Short web captions
⟨

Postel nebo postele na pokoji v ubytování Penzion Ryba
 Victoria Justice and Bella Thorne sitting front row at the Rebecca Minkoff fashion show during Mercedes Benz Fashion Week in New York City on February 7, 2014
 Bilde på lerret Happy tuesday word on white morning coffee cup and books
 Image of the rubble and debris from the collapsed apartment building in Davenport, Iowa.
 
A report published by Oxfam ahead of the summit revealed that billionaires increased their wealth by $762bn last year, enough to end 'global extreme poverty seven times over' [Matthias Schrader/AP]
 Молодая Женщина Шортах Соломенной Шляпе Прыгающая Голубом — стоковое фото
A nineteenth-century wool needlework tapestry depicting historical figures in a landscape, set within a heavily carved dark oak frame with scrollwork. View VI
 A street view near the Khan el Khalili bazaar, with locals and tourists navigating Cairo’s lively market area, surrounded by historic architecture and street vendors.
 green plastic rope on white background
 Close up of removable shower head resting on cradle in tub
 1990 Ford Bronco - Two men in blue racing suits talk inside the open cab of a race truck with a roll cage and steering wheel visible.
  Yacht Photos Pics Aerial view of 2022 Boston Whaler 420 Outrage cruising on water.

⟩

**WHAT IS REQUIRED**. Only lines with the word "white" are wanted, so copy each one from the records.

**ANSWER FOR THIS EXERCISE**.
 Bilde på lerret Happy tuesday word on white morning coffee cup and books
 green plastic rope on white background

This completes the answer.